Predicted spectral index n_s < 0.975 for N=50

Predicted tensor-to-scalar ratio r < 0.04 for N=50

Lowered upper bound of r considering random walk effects

Abstract

Infra-Red scaling property of inflationary universe is in the same universality class of random walk. The two point correlators of the curvature perturbations are enhanced by the e-folding number N. The distribution function of the curvature perturbation $\rho_t (\zeta)$ satisfies the Fokker Planck equation. The de Sitter universes are dual to the random walk: They belong to the Universality class of dimension two fractal. These boundary and bulk duality are at the heart of holography of quantum gravity. Historically the correspondence of thermodynamics and Einstein's equation are recognized as the first evidence for de Sitter duality .Our de Sitter duality relates the stochastic and geometric point of view.
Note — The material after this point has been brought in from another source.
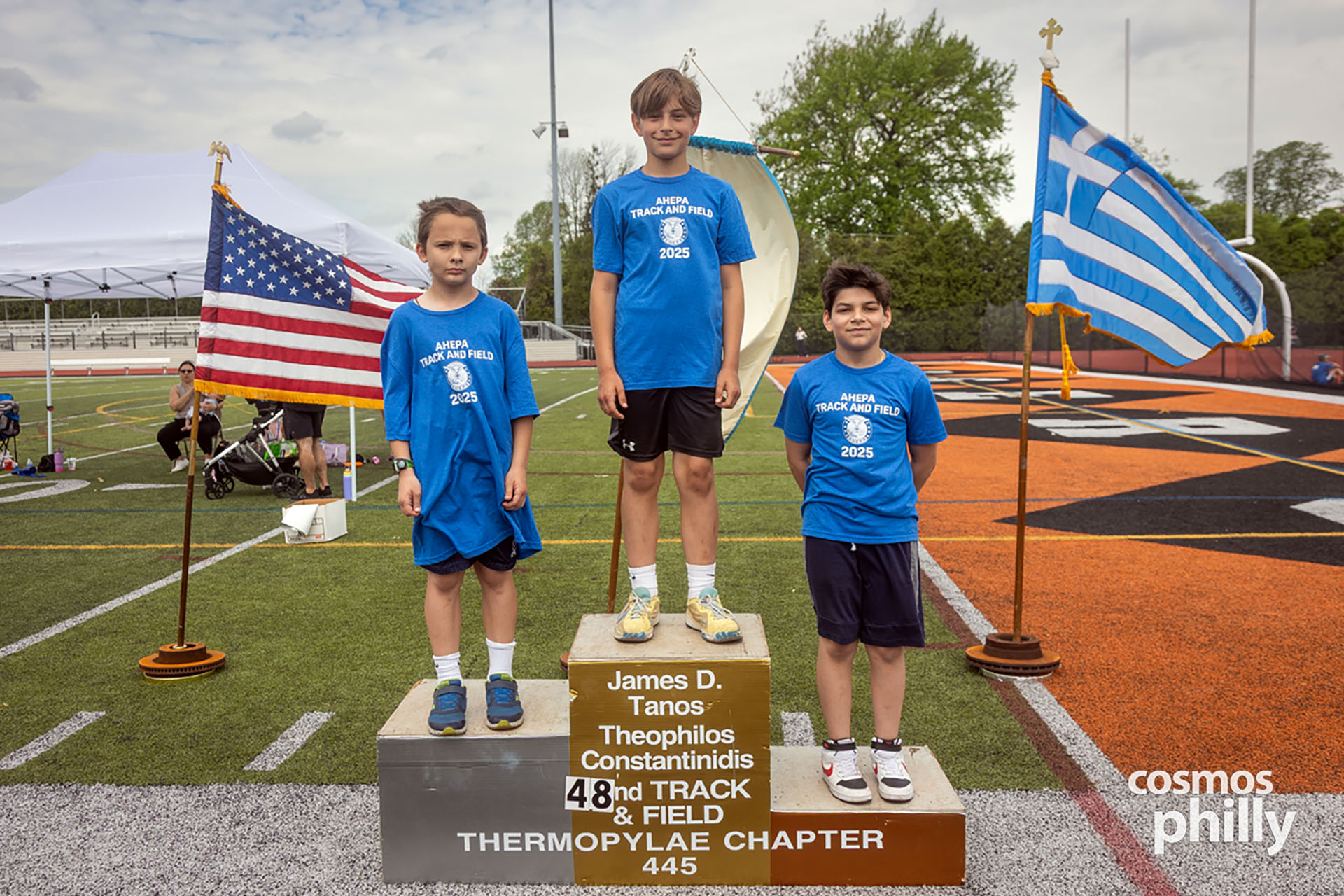 Youth participants stand on the awards podium at the 2025 AHEPA Pan-Hellenic Track and Field Meet, with American and Greek flags in the background.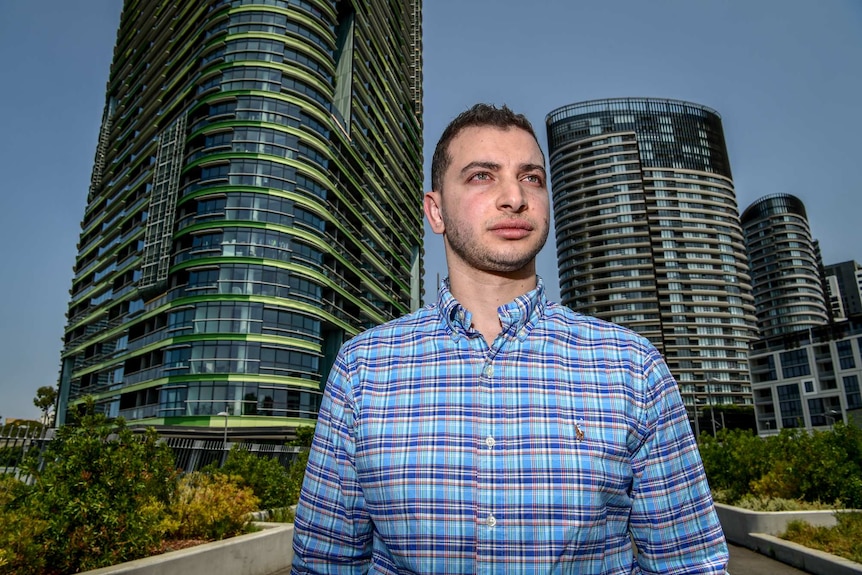 A man against a city skyline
We study two types of the solutions of FP equation in quasi de Sitter space: (1) UV complete spacetime and (2) inflationary spacetime with concave potentials. The maximum entropy principle favors the following scenario: The universe is (a) born with small epsilon and (b) grows by inflation in the concave potential. We predict n_s <0.975(0.97) and r < 0.04(0.03) for N=50(60) at the pivot angle 0.002Mpc^{-1}. We have lowered the upper bound of $r$ by taking account of random walk effect at the boundary. Our predictions are highly consistent with recent observations.